On the TV Show Two and a Half Men, Charlie Sheen’s character, aptly named “Charlie,” was a real playboy. He was characterized as a ladies’ man, a real player addicted to empty, meaningless sexual encounters, alcohol, and basic “bad-boy” behavior. The “comedy” here (if you can call it that) was the conflict he and his more stable brother, Alan, repeatedly experienced while living together in a dreamy bachelor pad on the beach in Malibu.
Alan was a divorced dad trying to raise his child to become an active, productive member of society, but then Charlie’s actions continued to sabotage his brother’s efforts.
This story comes from the creative minds of a roomful of writers, but do situations like this really exist in families? The answer is a big, resounding YES.

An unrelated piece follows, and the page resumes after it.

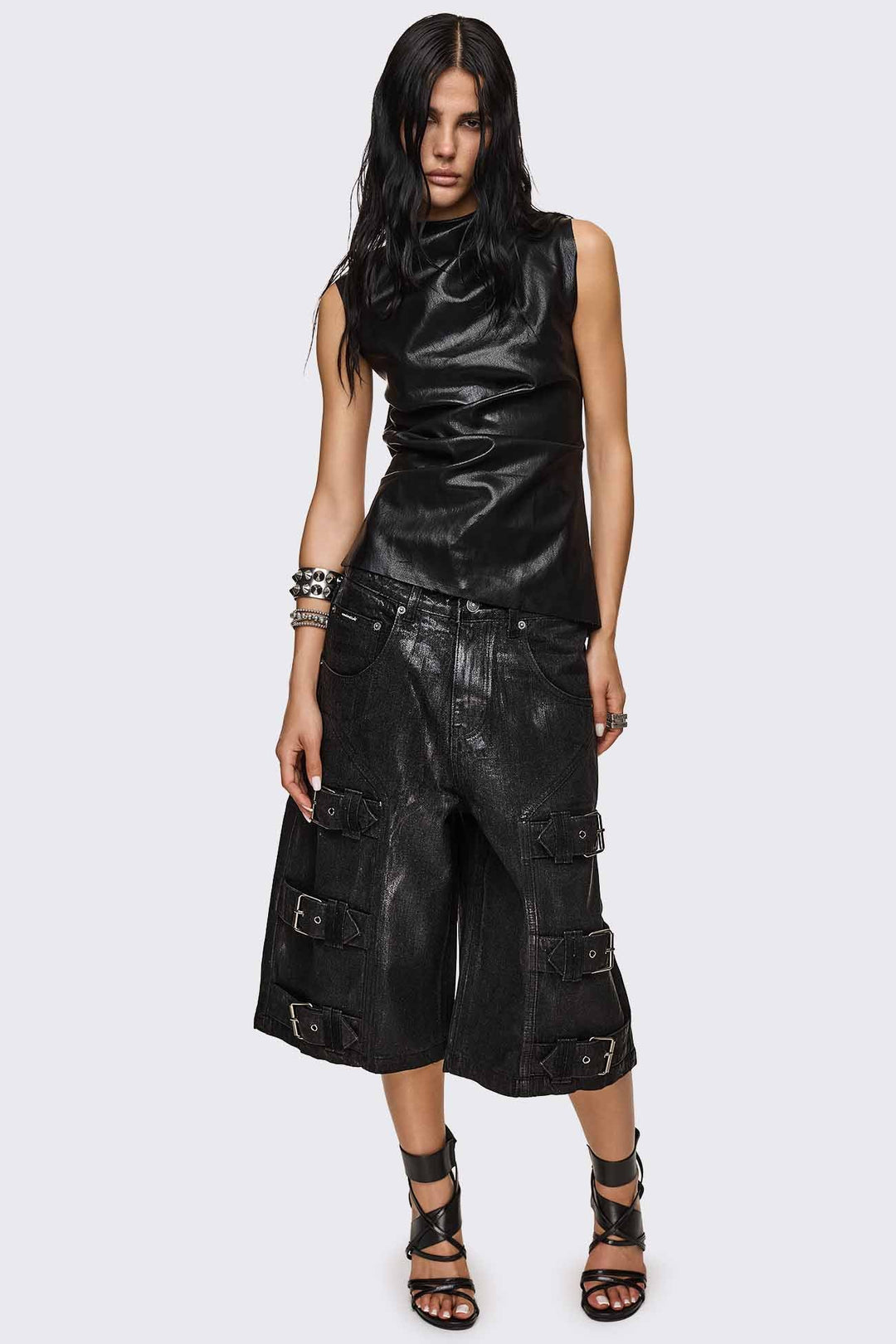 Black Coated Denim Jorts With Buckle Straps | Minga London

Life is filled with dramatic moments, some more pleasurable than others. However for many people, those dramatic moments become the central focus of their lives. It’s the only thing they know. As a result, they become trapped in the endless cycle of dysfunctional behaviors and relationships. To them, there is no clear line between “what I enjoy” and “what I’m addicted to.” Charlie Sheen’s character suffered from sex, alcohol, and gambling addictions, and these are all very real addictions.
Here are several examples of toxic people.
- Negative Nellies: These are the people who, no matter how good their lives are going, always find some way to focus on the negatives. They bring others down with their words and behavior. They are the party poopers and emotional vampires. Stay away from them! You can’t outsmart negativity, even though your ego may say you can.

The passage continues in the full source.